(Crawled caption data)
· · · · ·
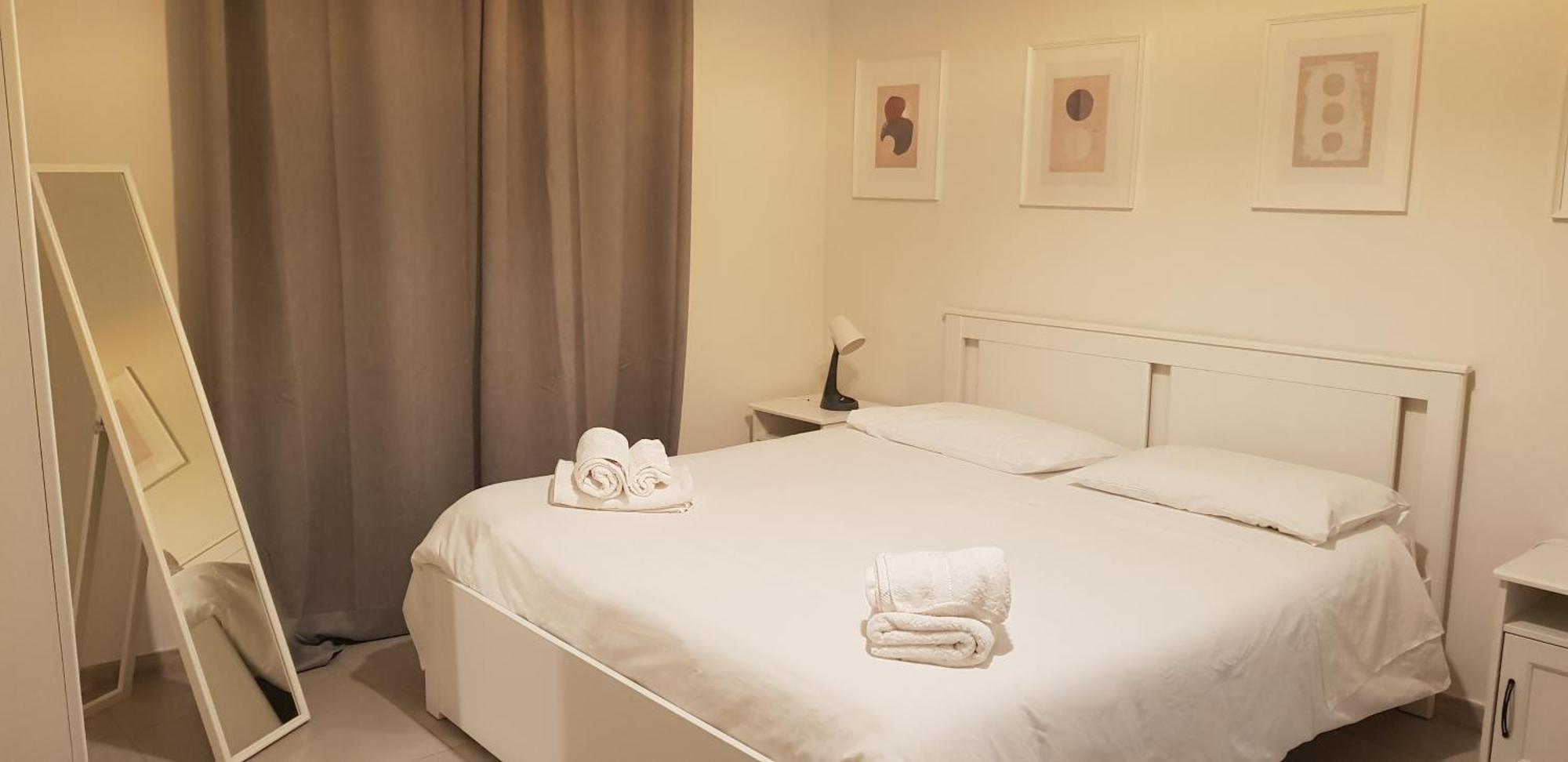Trastevere Residenze Rome Buitenkant foto
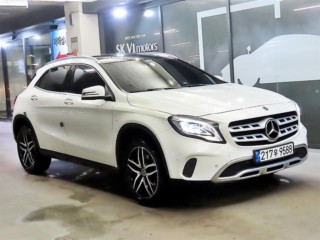 벤츠 GLA클래스 X156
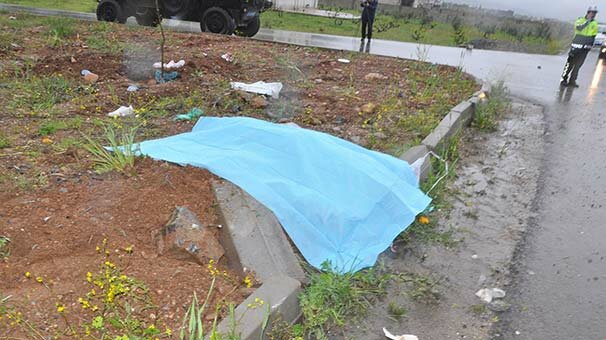 Gaziantep'te çok feci kaza! Hayatını kaybedenlerin kimlikleri belli oldu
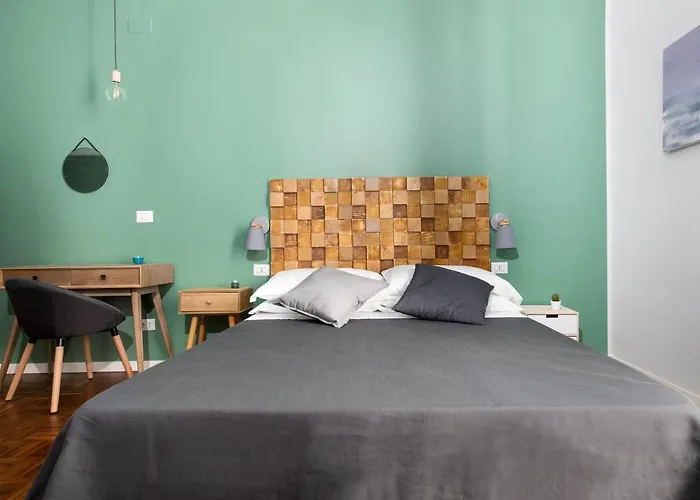 Nartè Rooms Napoli
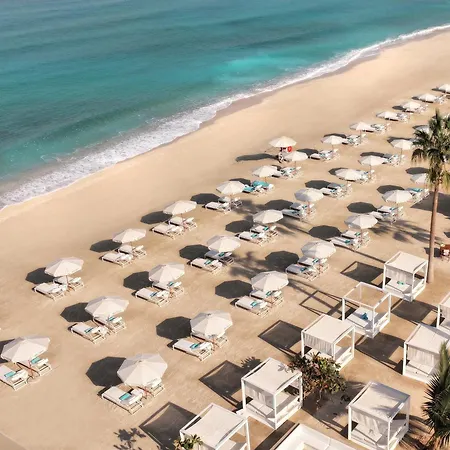 Nikki Beach Resort & Spa Dubai-2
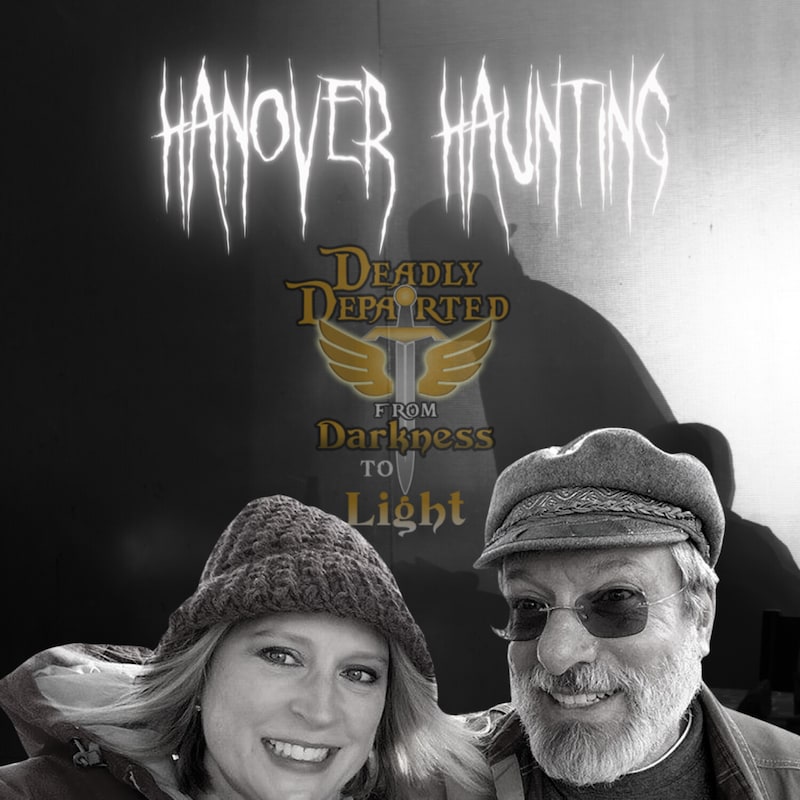 Artwork for podcast Deadly Departed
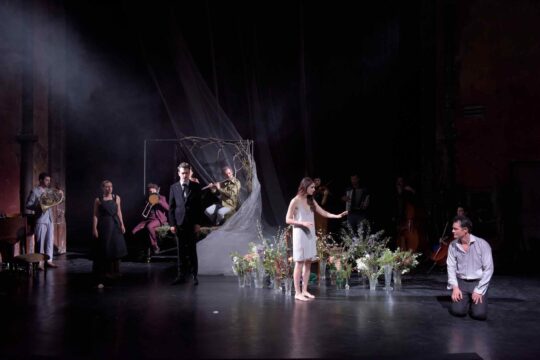 Traviata 2 © Pascal Gély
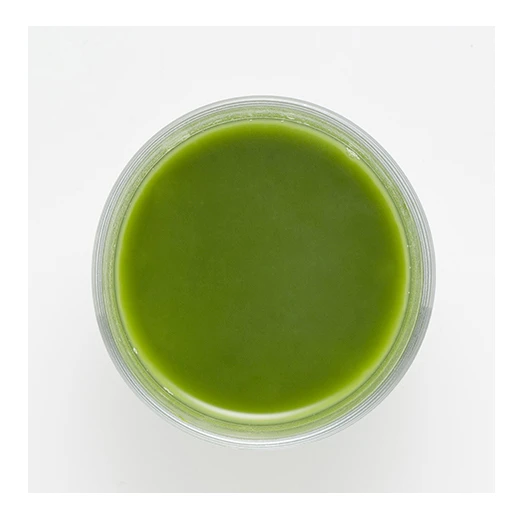Japanese premium green tea matcha powder with a hint of sweetness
· · · · ·
WORK INSTRUCTION:
Copy every entry exactly; drop the pictures.

TASK SOLUTION:
Trastevere Residenze Rome Buitenkant foto
 벤츠 GLA클래스 X156
 Gaziantep'te çok feci kaza! Hayatını kaybedenlerin kimlikleri belli oldu
 Nartè Rooms Napoli
 Nikki Beach Resort & Spa Dubai-2
 Artwork for podcast Deadly Departed
 Traviata 2 © Pascal Gély
Japanese premium green tea matcha powder with a hint of sweetness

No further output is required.